What do young white American men have to be angry about? Many of these gigs are comedy versions of sports radio, where self-pitying Caucasians moan about political correctness, how they are cheated, stifled and denied their rightful place at life's table. "Is this what it's come to?" a wild-haired comic screamed at me last night. "Is this how my life ends!"

I felt like replying, that's up to you, pal. The economy blows, the political system's fixed, the empire is dying, but you still have white skin privilege. I've cleaned toilets alongside poor Hondurans who never complained about their status. They worked hard and played hard. They lived their lives because they had no choice. That you go on stage to bitch about your shitty white life is pretty insulting, and not in the funny Don Rickles sense, either.

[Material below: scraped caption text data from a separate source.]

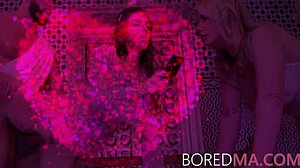 Beautiful Aphrodite goddess enjoys threesome freeuse with milf group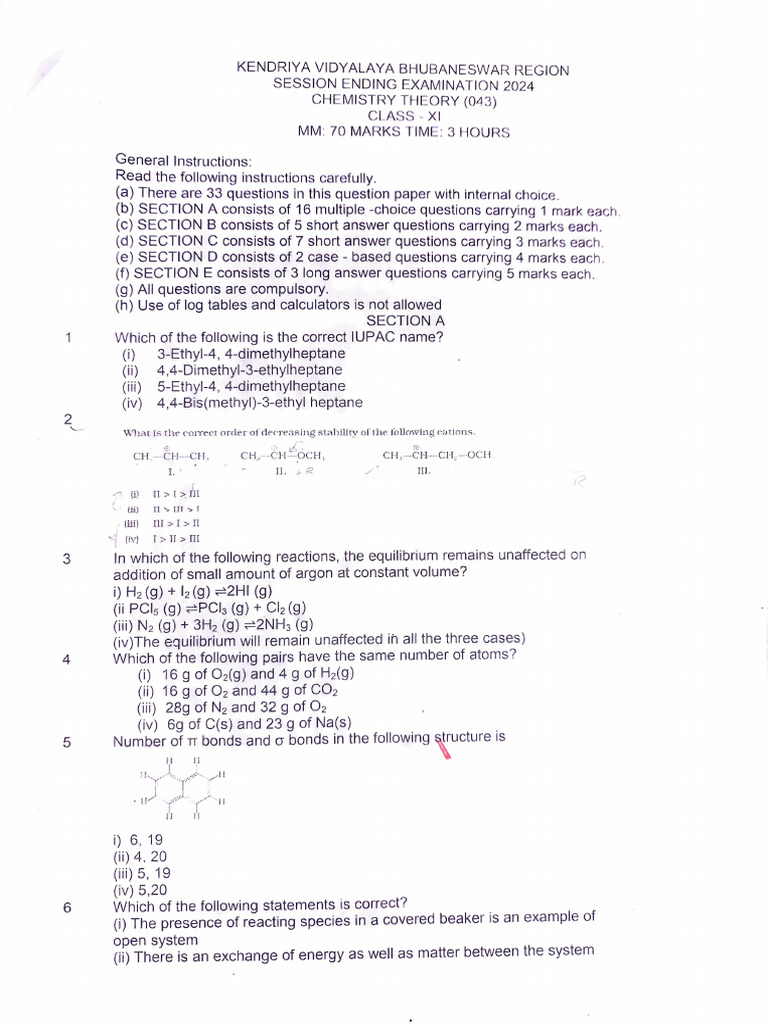 XI CHEMISTRY Session Ending 2024 QP | PDF | Molecules | Chemical Reactions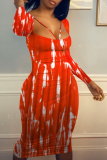 Red Sexy Patchwork Tie-dye Square Collar Pencil Skirt Dresses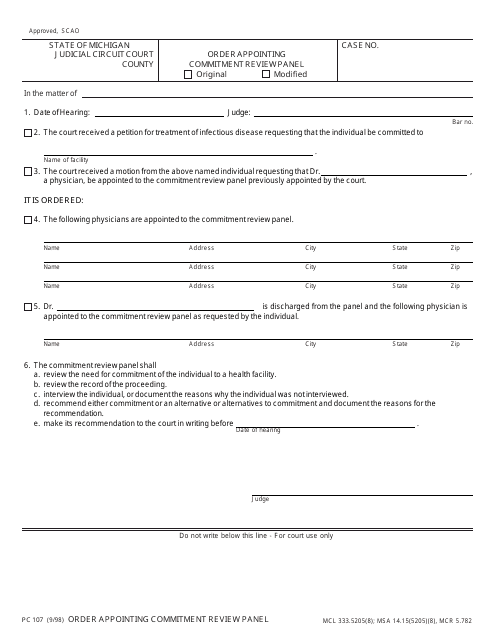 Form PC107 Order Appointing Commitment Review Panel - Michigan
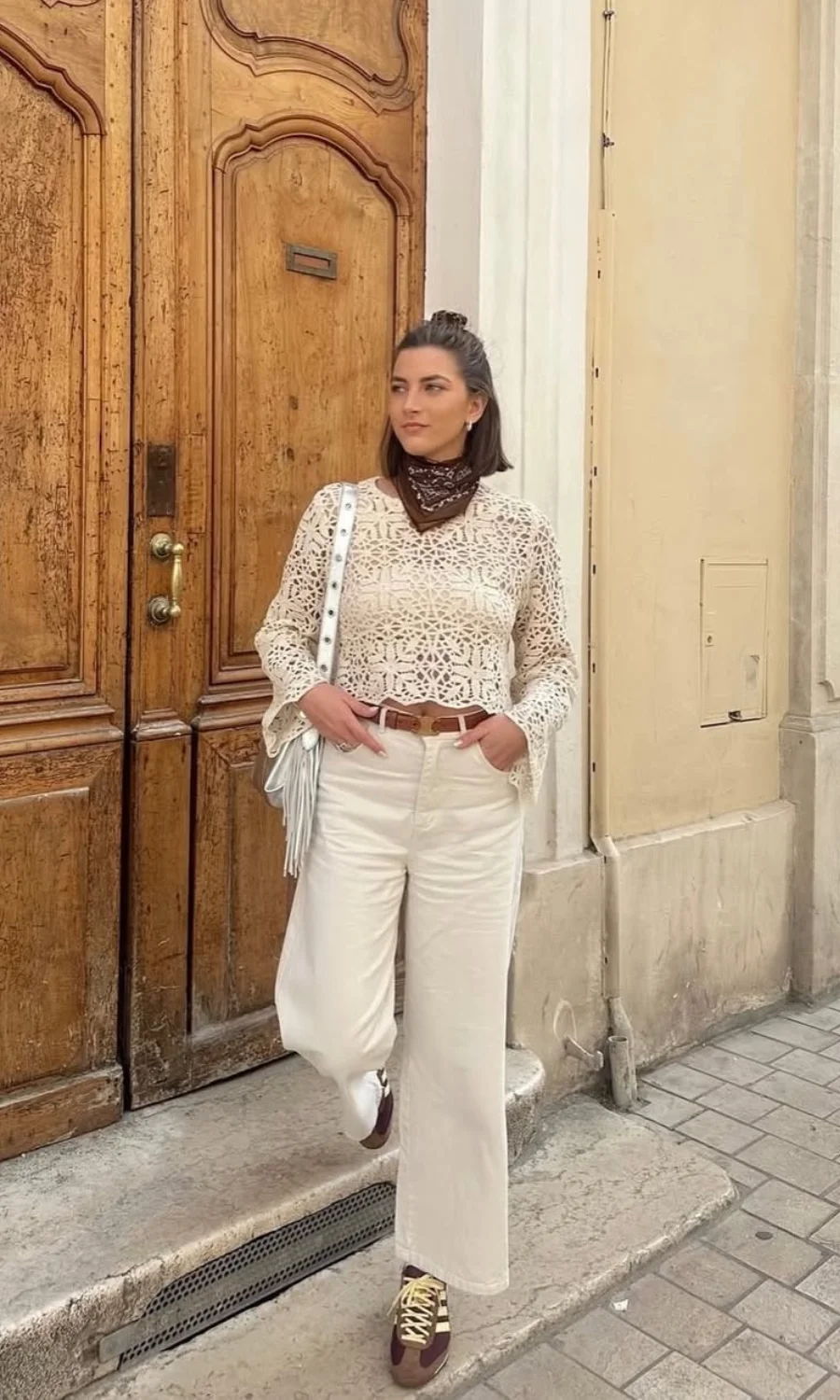 Cream Crochet Top and White Pants with Sneakers Cream Crochet Top and White Pants with Sneakers — Travel Outfits Europe 2027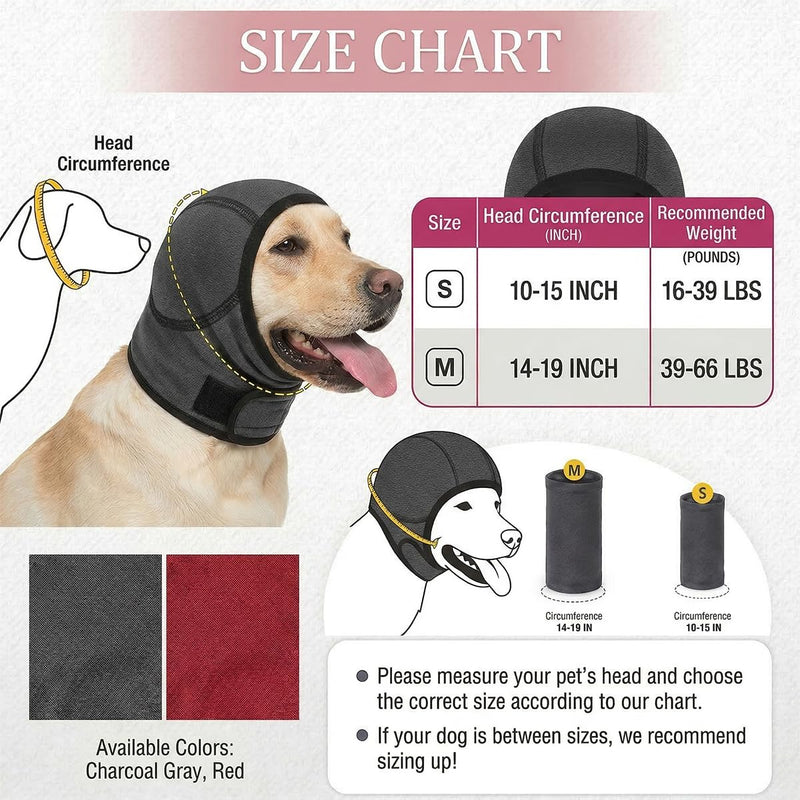 Dog Ear Covers for Noise Protection, Reusable Water Resistant Wraps for Bathing, Swimming & Grooming, Adjustable Ear Muffs for Large Dogs, Happy Tail Protector & Shower Cap(Grey-S) Grey S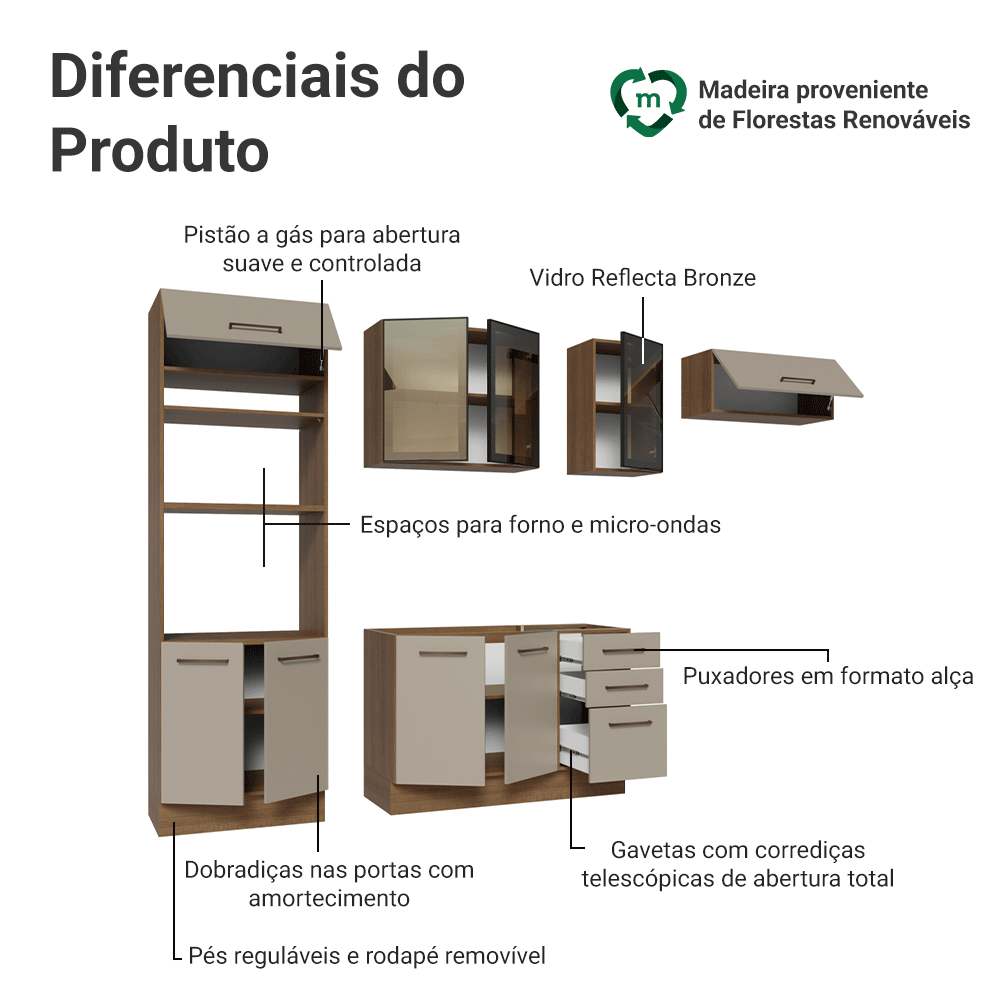 Armário de Cozinha Completa 270 cm Rustic/Crema Agata Madesa 12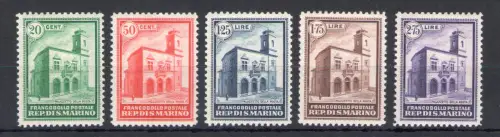 1932 SAN MARINO Palazzetti n. 159/163 MH* - Serie Linguellata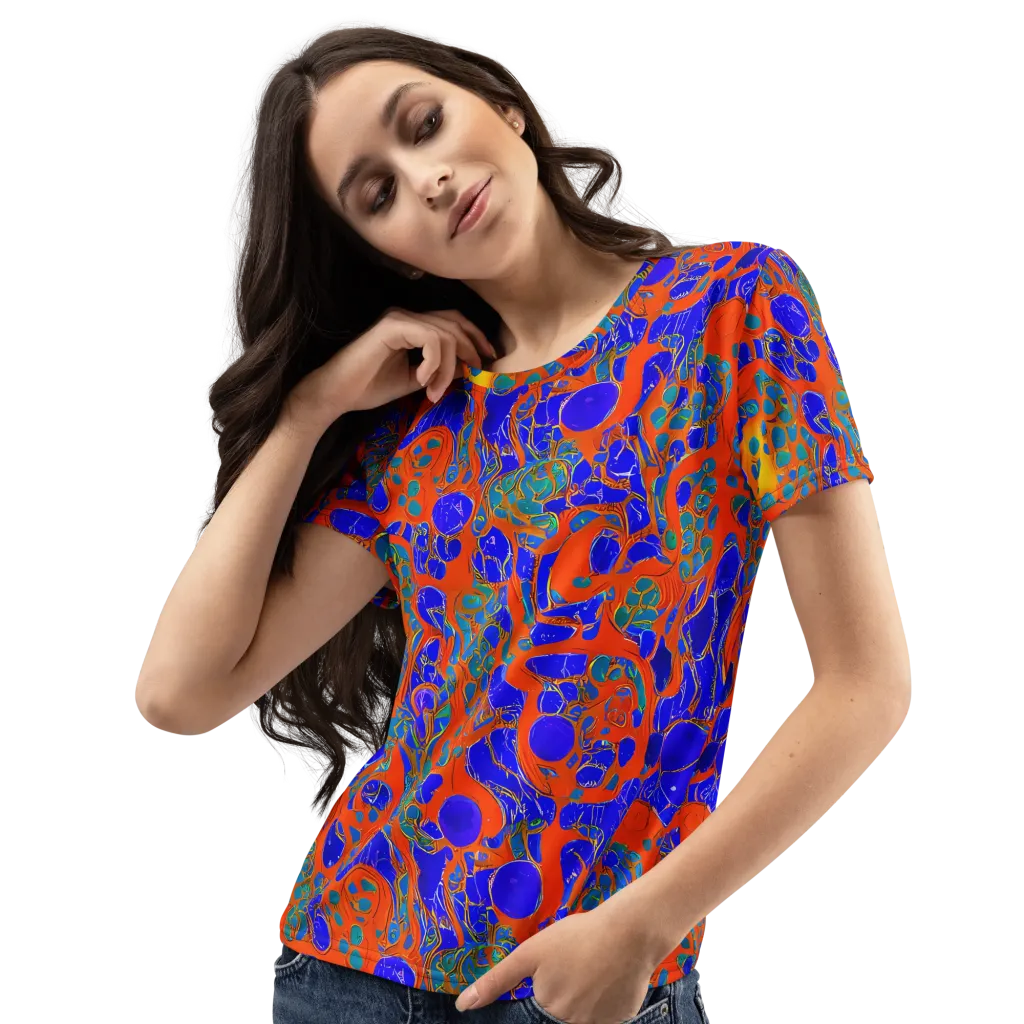 Burning Mosaic on Women's Crew Neck T-Shirt — Left Front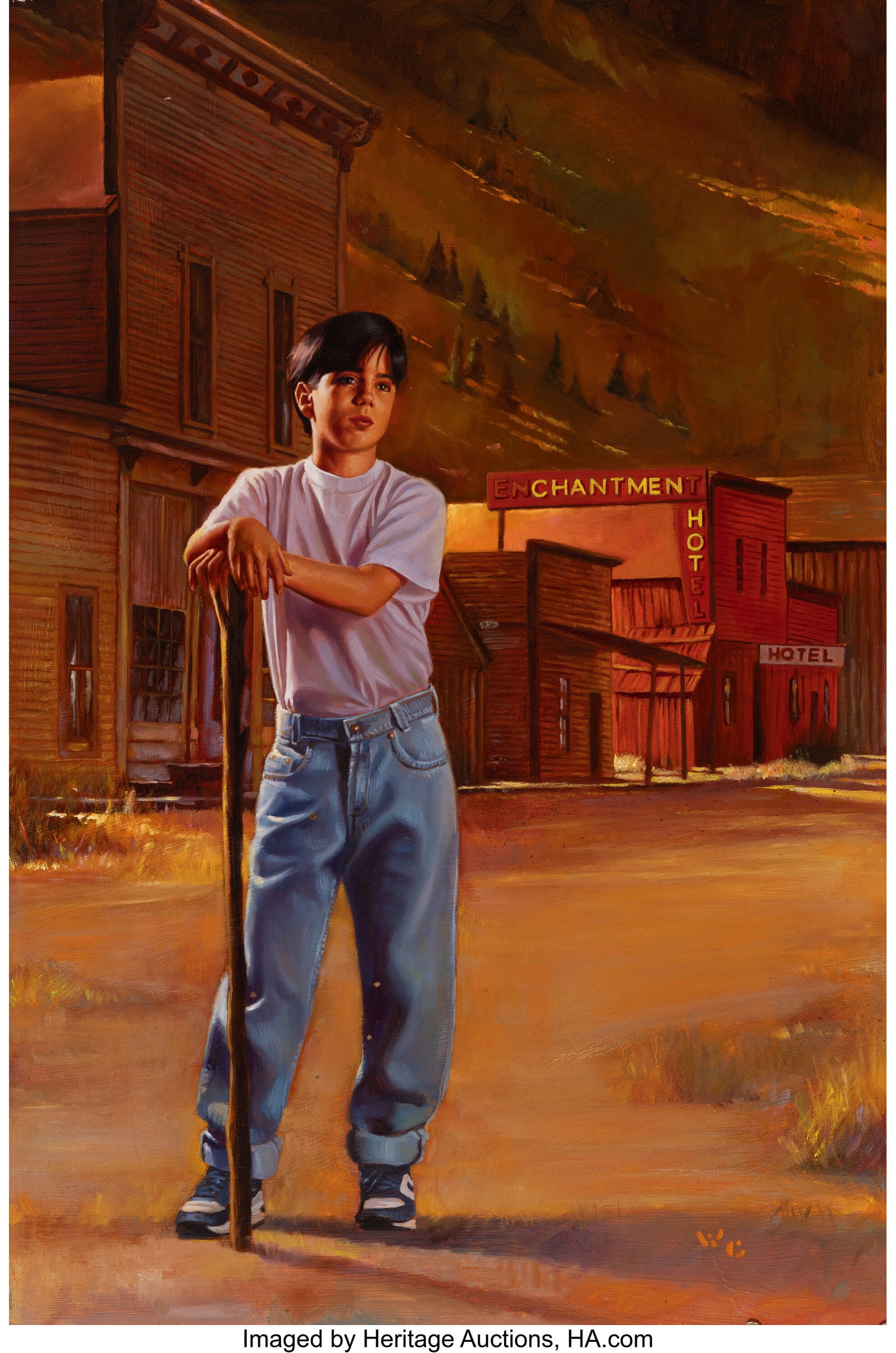 Warren Chang (American, b. 1957) Crossroads pape: Warren Chang (American, b. 1957) Crossroads paperback cover, 1994 Acrylic on board 24 x 16 inches (61.0 x 40.6 cm) Initialed lower right: WC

Who wants to watch comics degrade themselves, telling the audience that they're fools for sitting through it? I've lost count of how many comedians preface a joke with "This isn't very good," and when it bombs add, "Yeah, I knew that sucked." It's like a singer saying "This next song is pretty bad, but I'm gonna sing it anyway." Unless it's part of a larger concept commenting on cheap entertainment, I don't see the aesthetic point to this.

So much anxiety and dread going nowhere. It's either that, or neutering your act to fit those corporate slots still available. Where this leaves me I've no clue, but we'll see what transpires. Here's my set from the Ten Eleven on Ave. C, about 90% of which was improvised. There are some rough patches, but overall not bad, especially after a long lay-off. The other comics preferred sitting in the back, afraid to be skewered perhaps. Given their howling pain, you'd think they'd feel deserving of abuse.